Typically the unit would lift off at 4am, before first light, to do pre-sunrise and sunrise photography. Once back at base camp, a mobile lab – set-up and operated by Technicolor, harnessing a colour-managed workflow specified by DI grader Peter Doyle – processed the footage and transmitted the deliverables back via mobile satellite to the post team in the UK. After some afternoon rest and relaxation, the camera team would take off again for evening shoots, with the resulting footage similarly processed and transferred during the night.

“The way I shoot digitally is exactly how I shoot with film,” says Braham. “I don’t do anything on set. I prefer it that my digital filmstock and the various deliverables are developed and processed by a lab to my specific colour requirement. These days there are a huge number of people who need be in the communication loop about the visual intent of the movie. Therefore, it’s crucial that your workflow is built on a rock, and that the artistic intent and colour integrity are transferred intact throughout the whole process.”

In this regard Braham is equally thankful for Doyle’s brilliant talents. “Peter is great at original thought, and understands the significance of preserving the look and the colour from source. He helped establish an ACES colour pipeline on the production, and designed the blueprint for the workflow from the Leavesden and Gabon shoots.”

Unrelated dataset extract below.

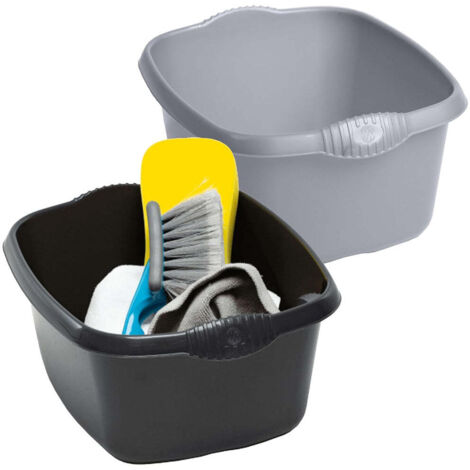 1 x Black Rectangular Washing Up Bowl Ideal For Washing Dishes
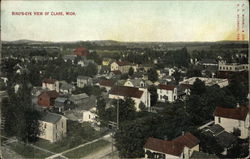 Bird's-Eye View Clare, MI Postcard Postcard Postcard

Braham completed the DI with Doyle at Technicolor in London. “We focussed on the usual things such as skin tones, the interplay of highlight and shadow, and finessing the colour arc across the movie. But Peter is an unusual combination of photographic aesthete and technical authority. Whilst there was some grain added to embed the movie and help the suspension of disbelief, we tried hard not to put a veil between the audience and the screen, and you are not aware of that in the final projected image.”

Braham concludes: “Production is all about collaboration. It’s a team effort involving direction, production design, camera, editing, VFX, DI and technology vendors. We evolved The Legend of Tarzan together, as a collaborative effort, and I think it worked really well. The end result is the sort of movie I would want to go to see at the cinema.”